§ COLLECTED DATA
_ _ _ _ _
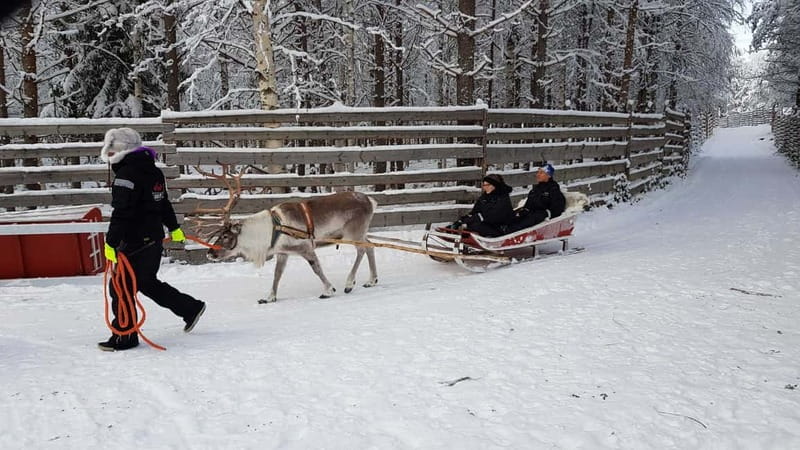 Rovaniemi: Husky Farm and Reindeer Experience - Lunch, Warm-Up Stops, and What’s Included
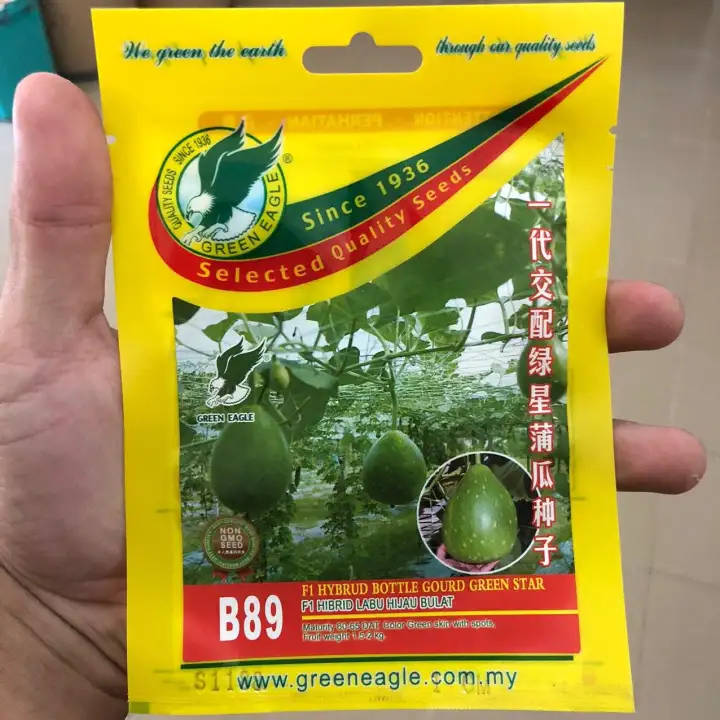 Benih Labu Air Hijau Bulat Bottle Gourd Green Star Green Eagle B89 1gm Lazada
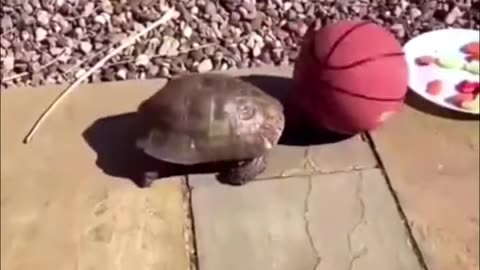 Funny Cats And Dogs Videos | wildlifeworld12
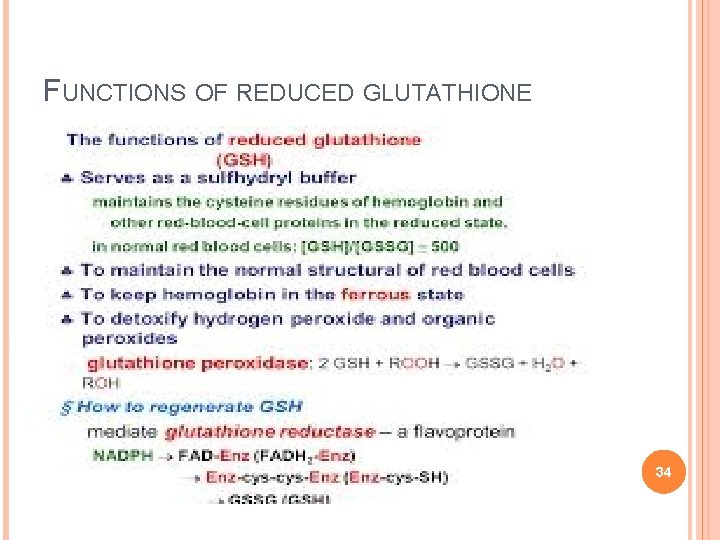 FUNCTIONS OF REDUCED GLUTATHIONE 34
_ _ _ _ _
Except for the pictures, please retype the listing above exactly.

 Rovaniemi: Husky Farm and Reindeer Experience - Lunch, Warm-Up Stops, and What’s Included
 Benih Labu Air Hijau Bulat Bottle Gourd Green Star Green Eagle B89 1gm Lazada
 Funny Cats And Dogs Videos | wildlifeworld12
 FUNCTIONS OF REDUCED GLUTATHIONE 34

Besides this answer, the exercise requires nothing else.